Sorting rules applied to **all** tabular exports:

- **N‑grams & Wordfreq**: by **count desc**, then **key asc**.
- **Context & Neighbors** (flattened): by **count desc**, then keys.
- **PMI**: by **count desc**, then **PMI desc**, then words.

### Combined mode

With `--combine`, all inputs are processed as one corpus and exported **once** with stem `"combined"`:

- `combined_<timestamp>_wordfreq.<ext>`, `combined_<timestamp>_ngrams.<ext>`, …

### File naming

`<stem>` is collision‑safe: derived from the file name plus a short path hash.
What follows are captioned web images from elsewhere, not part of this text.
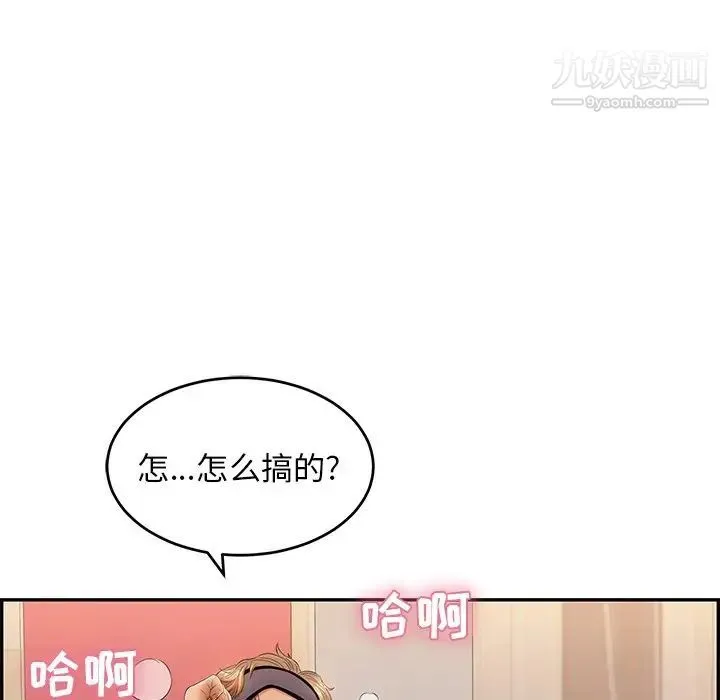 致命的你 第43话 第19页
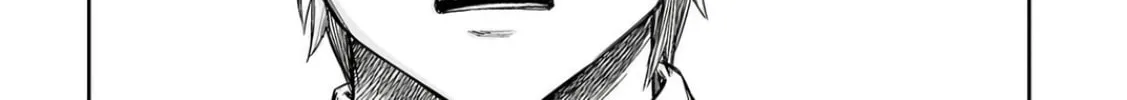 Tsuyoshi Chapter 316 page 22 - 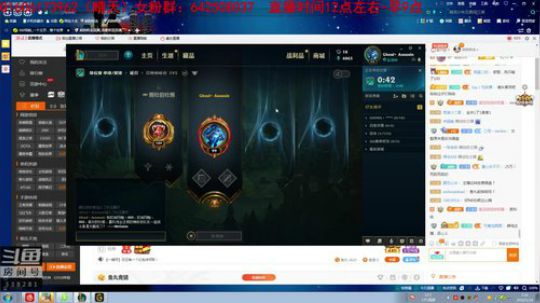我在斗鱼看疯狗炼金直播英雄联盟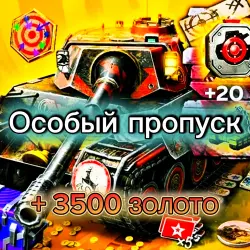 ОСОБЫЙ ПРОПУСК + 3500 ЗОЛОТО | БЕЗ ВХОДА — Tanks Blitz, лот №209942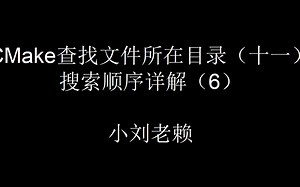 CMake查找文件所在目录（十一）搜索顺序详解（6）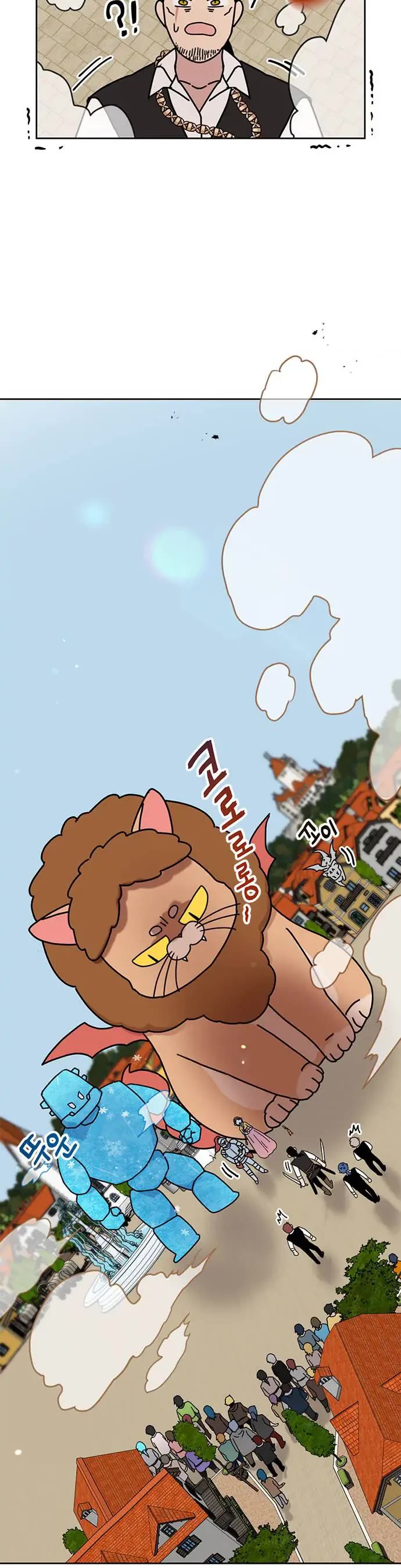 I Became the Chef of the Dragon King Chapter 37 page 9 - Chapter 37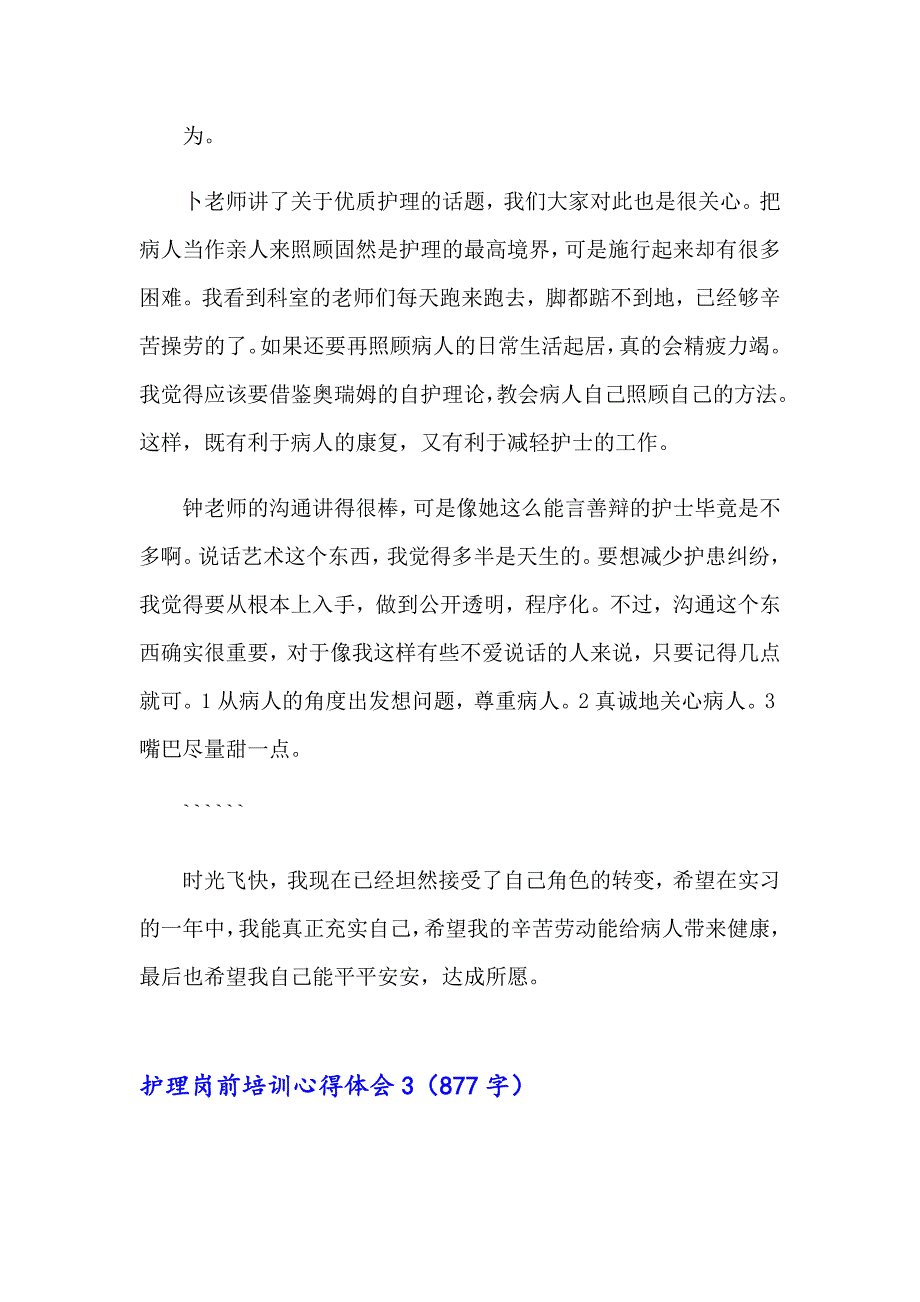 2023年护理岗前培训心得体会通用15篇_第4页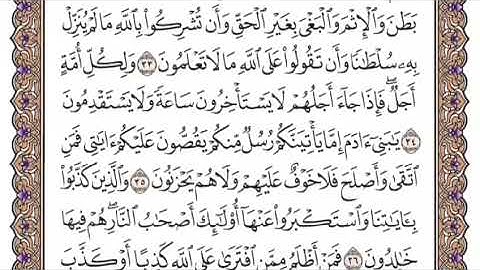 سورة الأعراف الشيخ ياسر الدوسري صفحة ١٥٤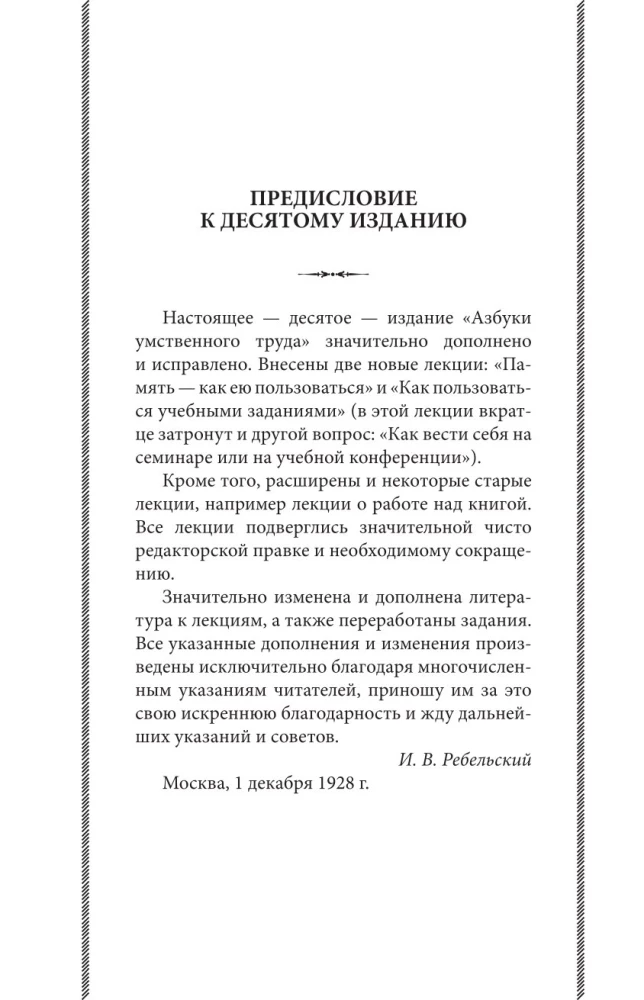 Intelektualinio darbo abėcėlė. Kaip organizuoti savo darbą ir poilsį, kaip naudotis savo atmintimi, kaip skaityti, kaip klausytis, kaip ruoštis ir pasirodyti su...
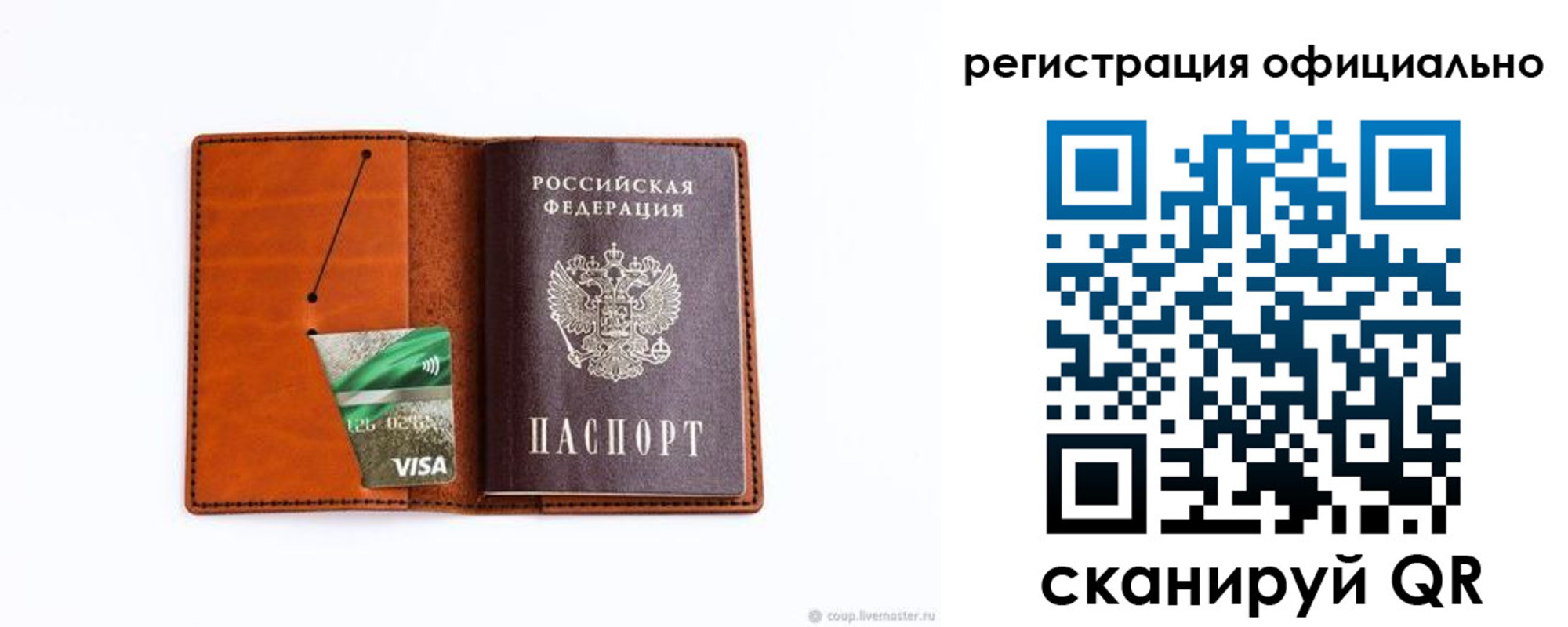 временная регистрация 2025 в Ревде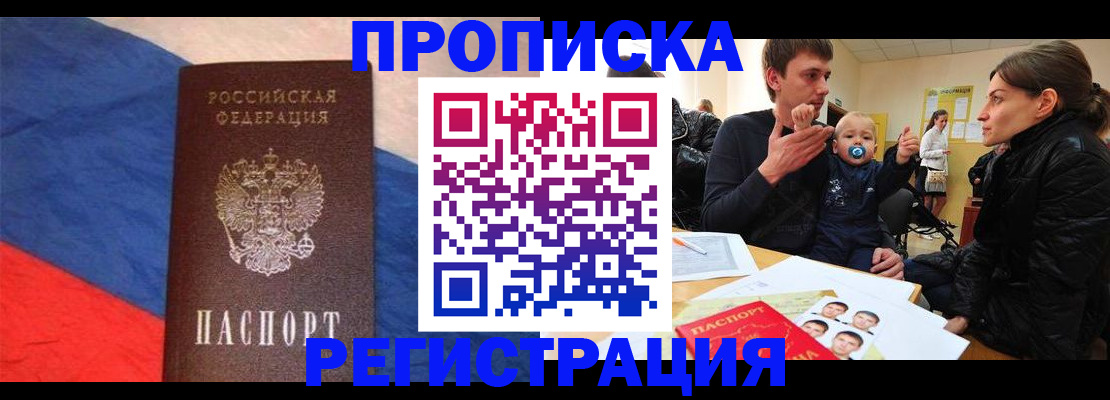 временная регистрация недорого в Ачинске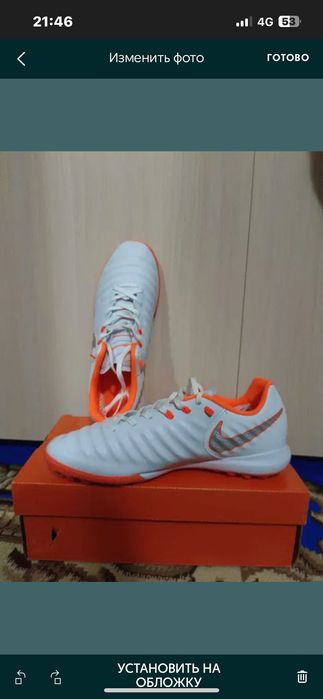 Сороконожки для футбол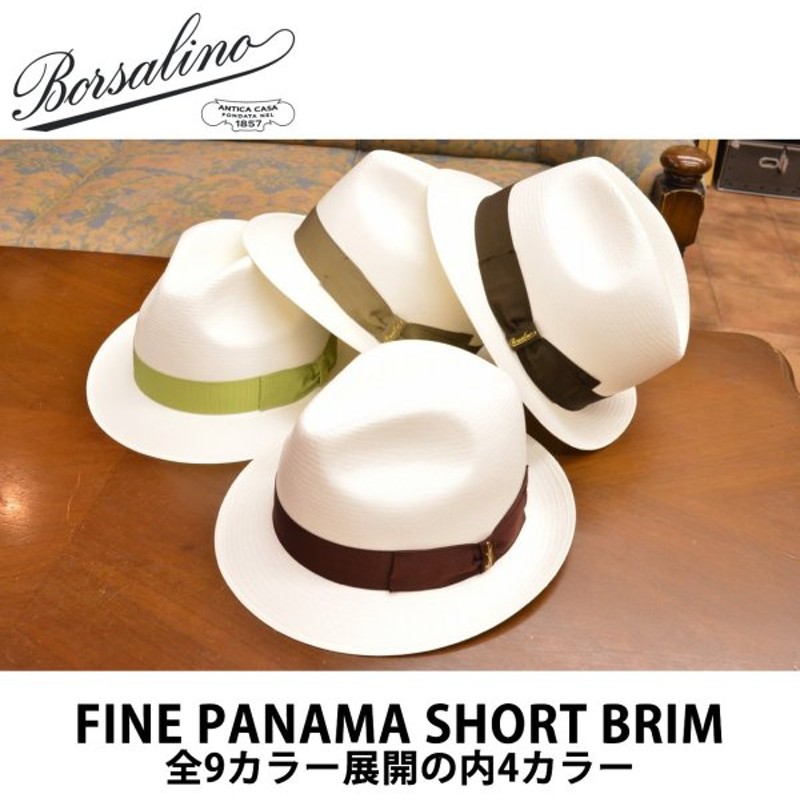 日本最級 【リッチ様専用】ボルサリーノ RAMIE イタリア製 Borsalino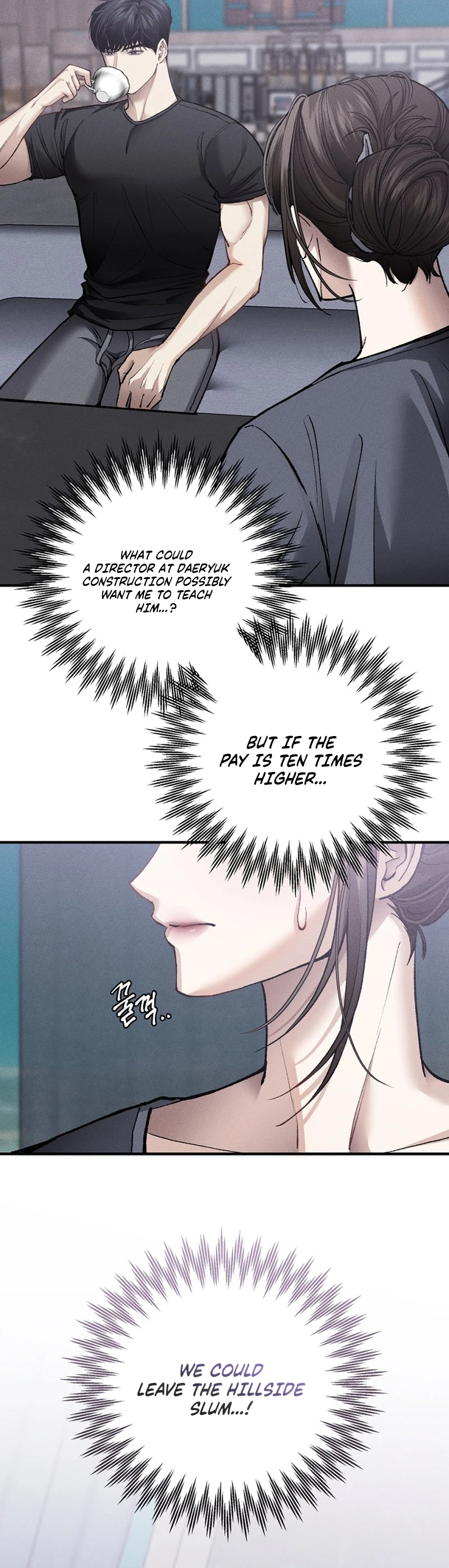 Read Yagan Jayul Hakseup chapter 3 image 3 on Lezhin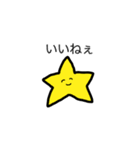 うさぎと星のスタンプ（個別スタンプ：5）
In per‑file mode each input gets its own stem; in combined mode the stem is literally `combined`.

---

## Library usage

Add to `Cargo.toml`:

```toml
[dependencies]
text_analysis = "0.4.7"
```

Basic example:

```rust
use std::collections::HashSet;
use text_analysis::*;

fn main() -> Result<(), String> {
    let text = "The quick brown fox jumps over the lazy dog.";
    let opts = AnalysisOptions {
        ngram: 2,
        context: 5,
        export_format: ExportFormat::Json,
        entities_only: false,
        combine: false,
        stem_mode: StemMode::Off,
        stem_require_detected: false,
    };
    let stop = HashSet::new();
    let result = analyze_text_with(text, &stop, &opts);
    println!("Top words: {:?}", result.wordfreq);
    Ok(())
}
```

### Named‑Entity heuristic

- Token starts with an **uppercase** letter
- Token is **not all uppercase** (filters acronyms)
- Filters very common determiners/articles across DE/EN/FR/ES/IT

Counts are **case‑sensitive** and computed on **original tokens** (not stemmed).

### Stemming

- `StemMode::Off` – no stemming
- `StemMode::Auto` – language via `whatlang`; stem if supported
- `StemMode::Force(lang)` – use a specific stemmer

`stem_require_detected` controls strictness in auto mode (see CLI).

---

## PDF support

Uses **pdf-extract**. Files that fail to parse are listed in the warnings and don’t abort the run.

---
## Office document support

- DOCX: Parsed natively (pure Rust) by reading `word/document.xml` and extracting text content.
- ODT: Parsed natively (pure Rust) by reading `content.xml` and extracting text content.

Notes:
- Extraction focuses on plaintext content for analysis; complex formatting, headers/footers, and footnotes may be ignored.
- Files that fail to parse are listed in the warnings and don't abort the run.

## Best practices

- Use `--export-format csv` (or `tsv`/`json`) for downstream analysis in pandas/R/Excel.
- In noisy corpora, prefer `--ngram 2` or `--ngram 3` and check PMI first.
- For mixed‑language corpora, consider `--stem-strict` to avoid inconsistent stemming.

---

## License

MIT

## Security: CSV/TSV safety

If you open exports in Excel/LibreOffice, cells that begin with `=`, `+`, `-`, or `@` can be interpreted
as formulas. The recommended approach is:

- Use a proper CSV library (this project uses `csv::Writer`) for escaping.
- Prefix a `'` for any **text cell** that starts with one of those characters.

This prevents spreadsheet software from executing user-provided content.